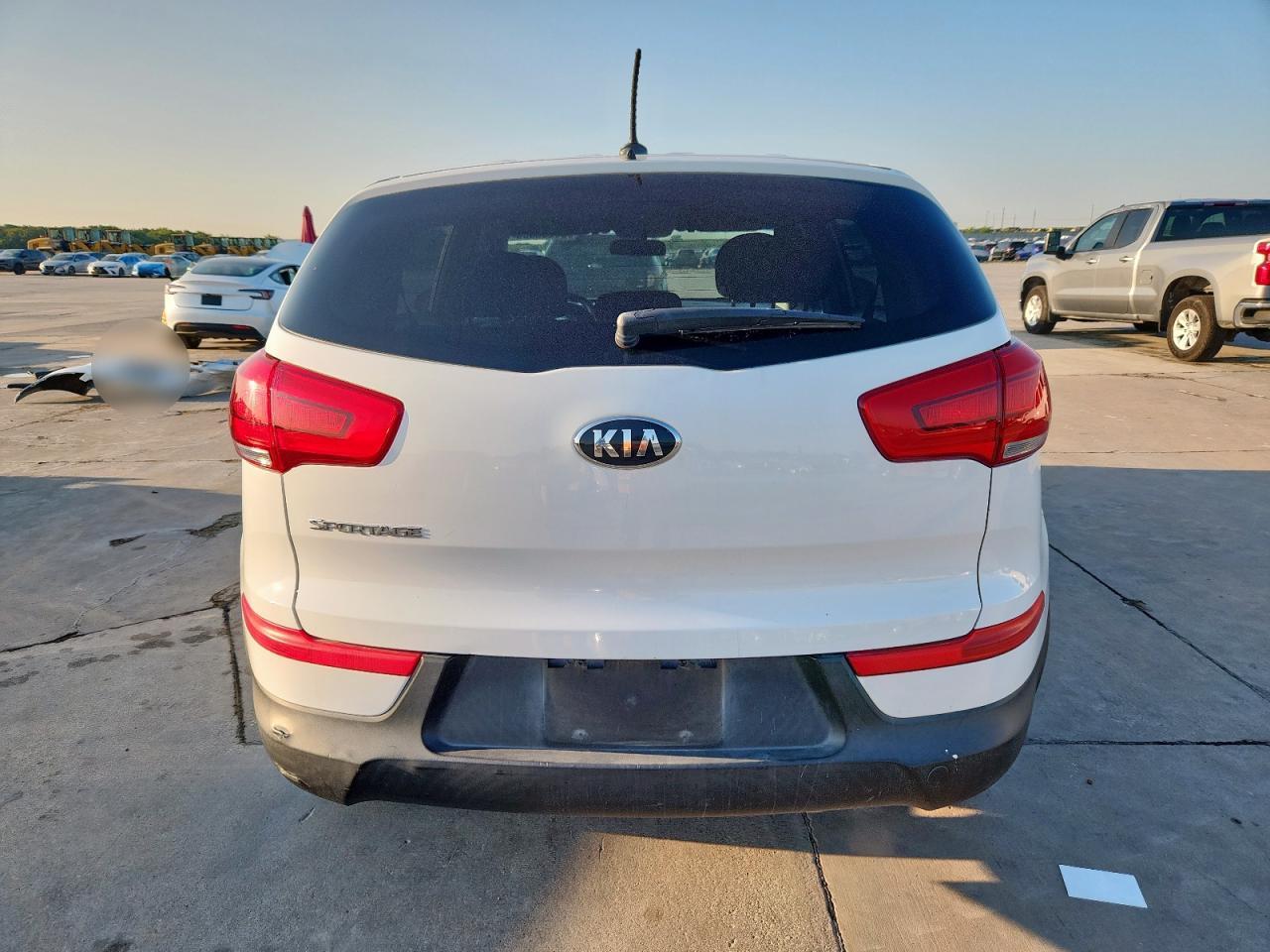 2015 Kia Sportage Lx VIN: KNDPB3AC9F7739578 Lot: 80203335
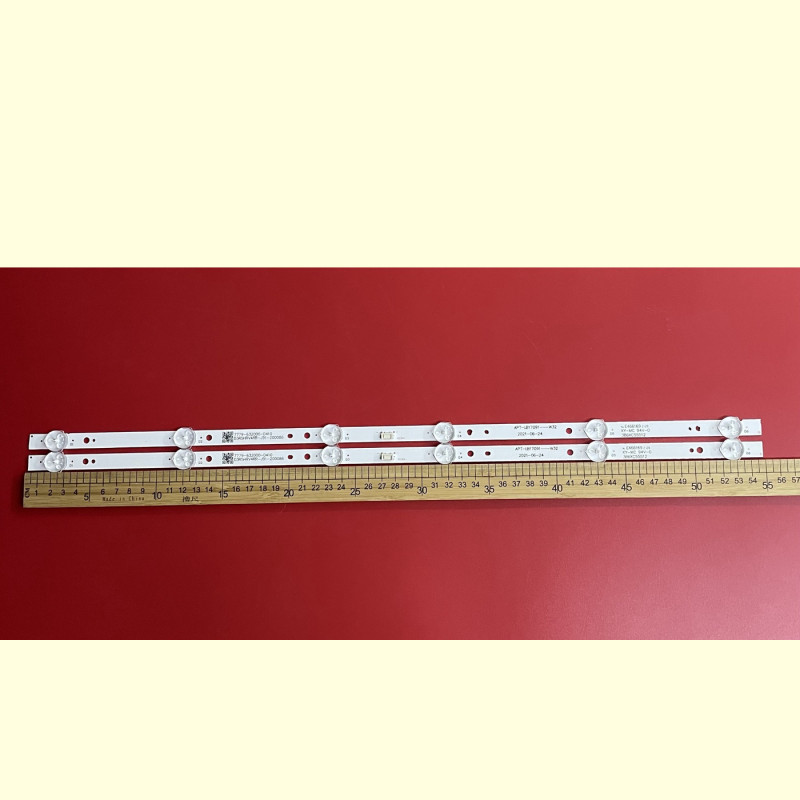 Подсветка 6 led 547 mm 3v шаг apt-lb17091-w32 SW32D06-ZC22AG-08 XS-580 303SW320036 APT LB17091 W32 for Skyworth 32E2A 32E1A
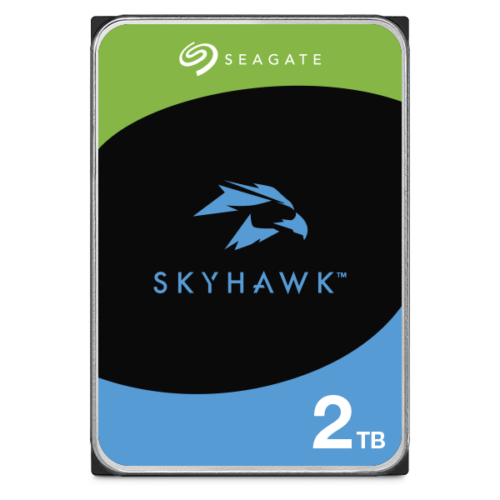 0000000000415926120890415926-1 HD Seagate Interno 2Tb SATA III SkyHawk Surveillance 256MB 5400 RPM
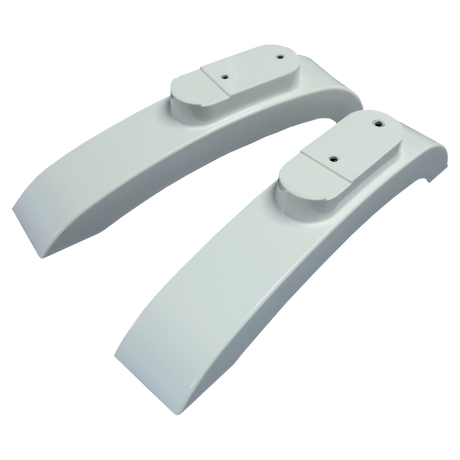 HABF (Empire) Stand-Floor Hrw/Hbw White Htrs 6K-30Kbtu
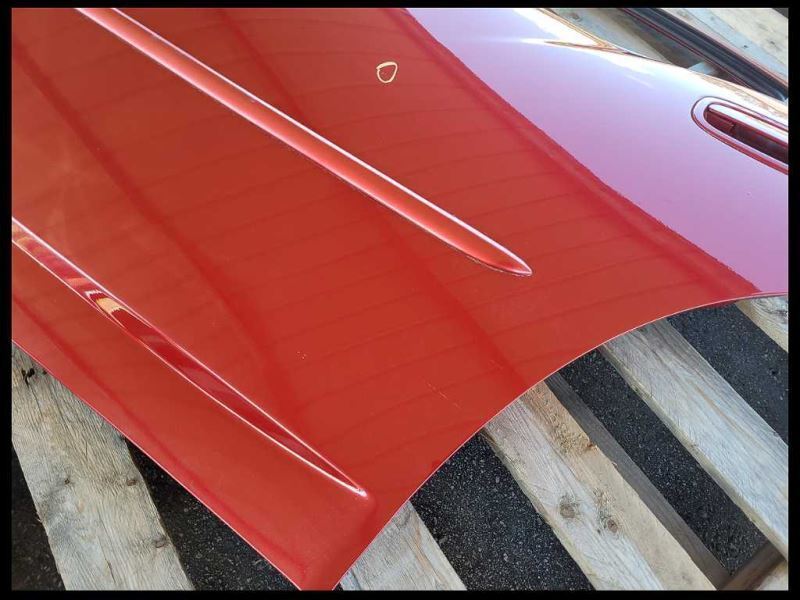 2006-2010 Dodge Charger SRT8 Rear Driver Left LH Door Shell Maroon OEM - The Parts Farm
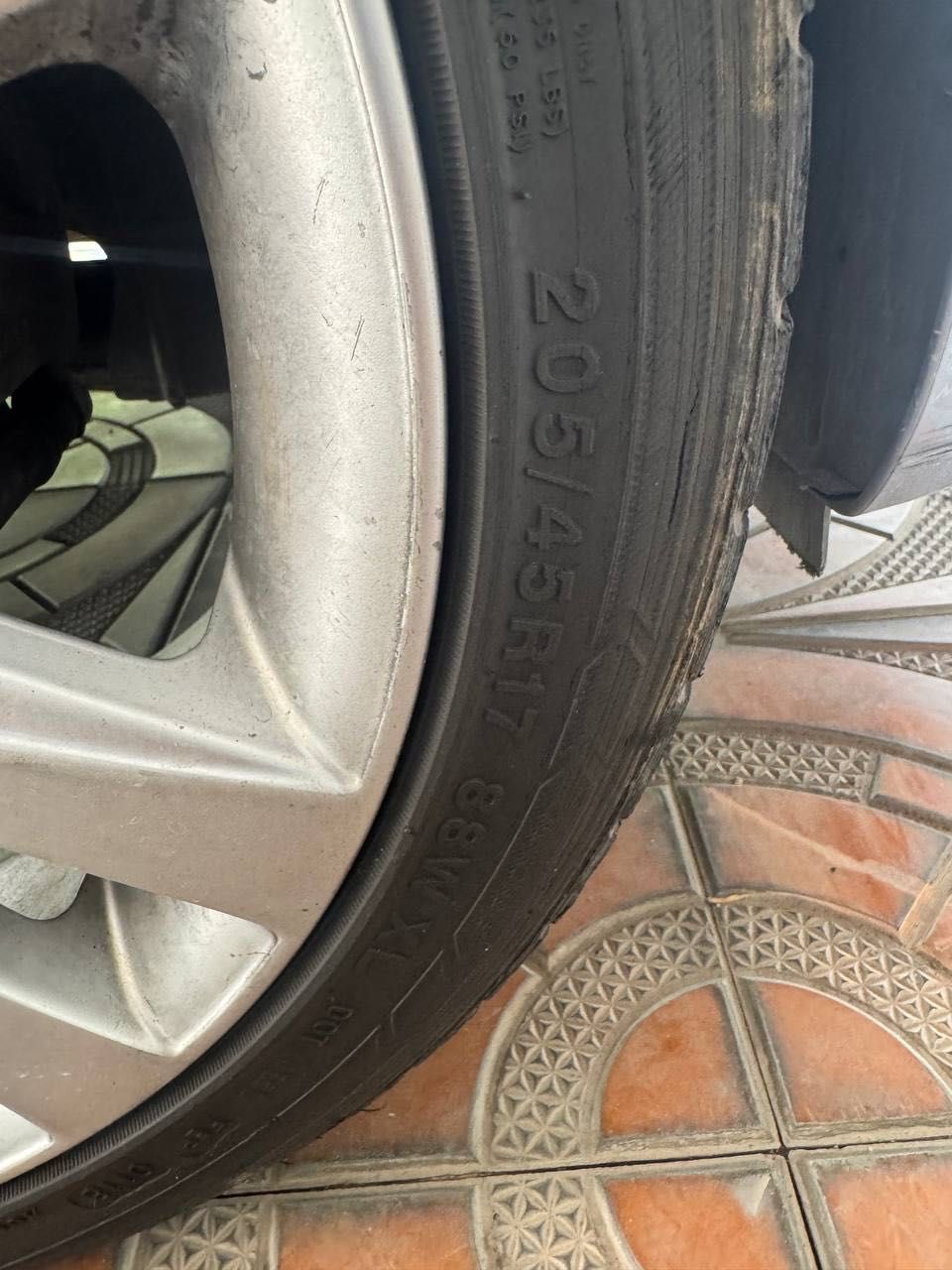Диски R17 Captiva в хорошем состоянии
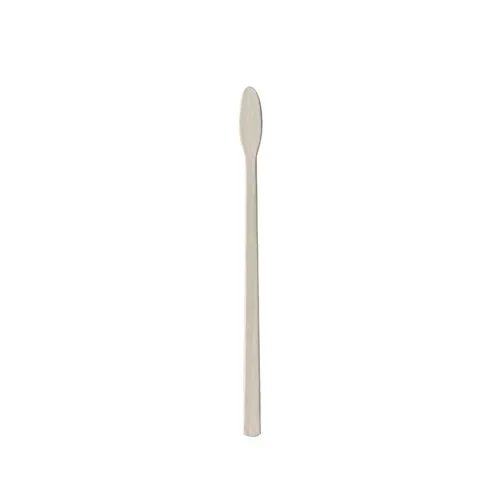 Roerstaafjes, papier “pure” 14 cm wit
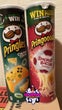 Pringles Cheese & Onion (Belgium)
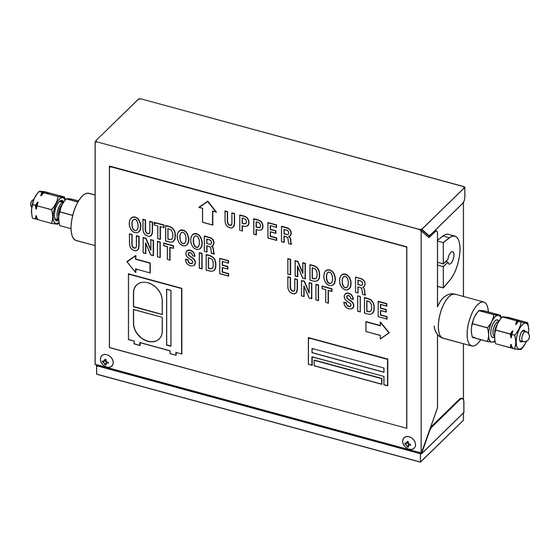 Toshiba RBM-PMV0361E Manuel D'installation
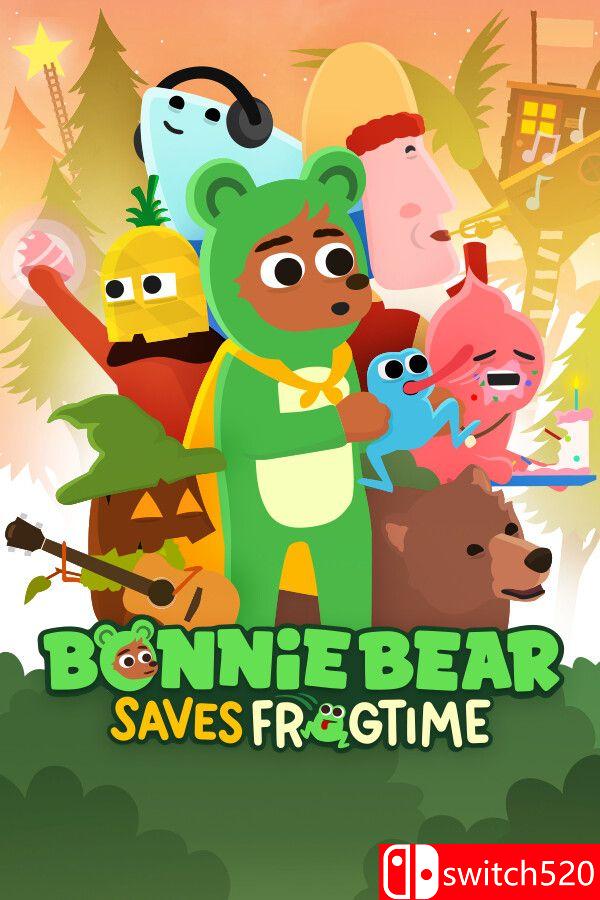 《邦尼熊的蛙蛙大冒险（Bonnie Bear Saves Frogtime）》官方中文 [中文/英文/日语]-知芽创业社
************
● **Your task**: What to print is the stretch of entries from the line with "Подсветка 6 led" up to and including the line with "Toshiba RBM-PMV0361E Manuel D'installation". Please print it exactly and leave out the pictures.

● **Expected answer**:
 Подсветка 6 led 547 mm 3v шаг apt-lb17091-w32 SW32D06-ZC22AG-08 XS-580 303SW320036 APT LB17091 W32 for Skyworth 32E2A 32E1A
 0000000000415926120890415926-1 HD Seagate Interno 2Tb SATA III SkyHawk Surveillance 256MB 5400 RPM
 HABF (Empire) Stand-Floor Hrw/Hbw White Htrs 6K-30Kbtu
 2006-2010 Dodge Charger SRT8 Rear Driver Left LH Door Shell Maroon OEM - The Parts Farm
Диски R17 Captiva в хорошем состоянии
 Roerstaafjes, papier “pure” 14 cm wit
 Pringles Cheese & Onion (Belgium)
 Toshiba RBM-PMV0361E Manuel D'installation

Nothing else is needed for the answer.